[MATERIAL SUPPLIED]
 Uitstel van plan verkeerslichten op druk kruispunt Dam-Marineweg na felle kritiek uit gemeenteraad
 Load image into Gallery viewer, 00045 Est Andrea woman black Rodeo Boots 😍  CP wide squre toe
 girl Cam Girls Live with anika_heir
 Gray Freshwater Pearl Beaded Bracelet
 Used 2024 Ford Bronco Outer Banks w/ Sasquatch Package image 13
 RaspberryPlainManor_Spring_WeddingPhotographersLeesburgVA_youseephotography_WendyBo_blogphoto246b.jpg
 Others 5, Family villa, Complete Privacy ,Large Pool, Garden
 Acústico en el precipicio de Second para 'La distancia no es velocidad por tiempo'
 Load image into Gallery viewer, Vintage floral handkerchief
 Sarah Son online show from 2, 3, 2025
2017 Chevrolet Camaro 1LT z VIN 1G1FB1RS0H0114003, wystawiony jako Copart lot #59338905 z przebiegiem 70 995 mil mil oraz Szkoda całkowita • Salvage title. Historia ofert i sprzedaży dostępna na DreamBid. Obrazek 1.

[ASSIGNMENT] For each record above, give it again without a single change.

[RESPONSE BELOW]
 Uitstel van plan verkeerslichten op druk kruispunt Dam-Marineweg na felle kritiek uit gemeenteraad
 Load image into Gallery viewer, 00045 Est Andrea woman black Rodeo Boots 😍  CP wide squre toe
 girl Cam Girls Live with anika_heir
 Gray Freshwater Pearl Beaded Bracelet
 Used 2024 Ford Bronco Outer Banks w/ Sasquatch Package image 13
 RaspberryPlainManor_Spring_WeddingPhotographersLeesburgVA_youseephotography_WendyBo_blogphoto246b.jpg
 Others 5, Family villa, Complete Privacy ,Large Pool, Garden
 Acústico en el precipicio de Second para 'La distancia no es velocidad por tiempo'
 Load image into Gallery viewer, Vintage floral handkerchief
 Sarah Son online show from 2, 3, 2025
2017 Chevrolet Camaro 1LT z VIN 1G1FB1RS0H0114003, wystawiony jako Copart lot #59338905 z przebiegiem 70 995 mil mil oraz Szkoda całkowita • Salvage title. Historia ofert i sprzedaży dostępna na DreamBid. Obrazek 1.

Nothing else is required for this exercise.